Make an exact copy, without pictures, of the lines below from the one containing "Leo Baptistao celebra" to the last line, both ends included.

**Recorded data**

· · ·

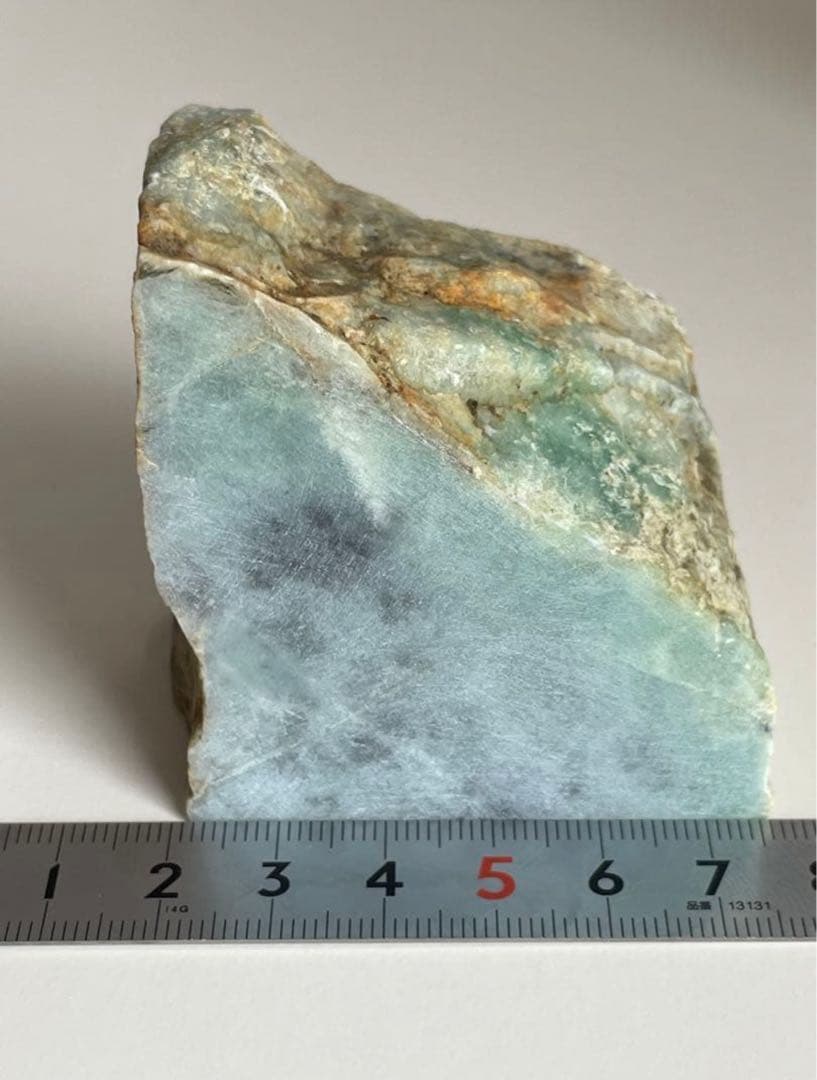 【国産鉱物】糸魚川翡翠　青海の山翡翠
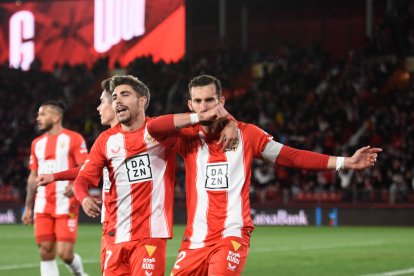Leo Baptistao celebra su gol al Málaga en el Estadio de los Juegos Mediterráneos.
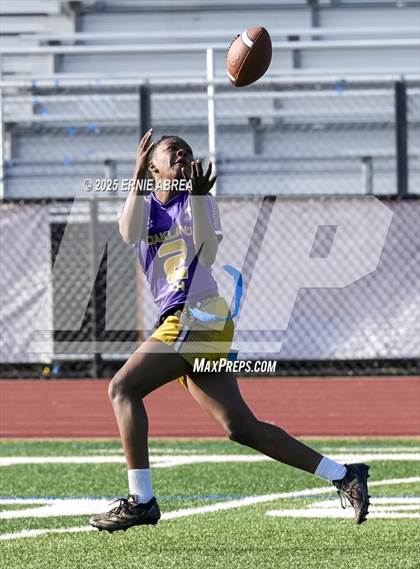 Thumbnail 1 in Oakland Tech vs. Burlingame (Green and Gold Invitational-SRVHS) photogallery.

· · ·

**Exercise response**
Leo Baptistao celebra su gol al Málaga en el Estadio de los Juegos Mediterráneos.
 Thumbnail 1 in Oakland Tech vs. Burlingame (Green and Gold Invitational-SRVHS) photogallery.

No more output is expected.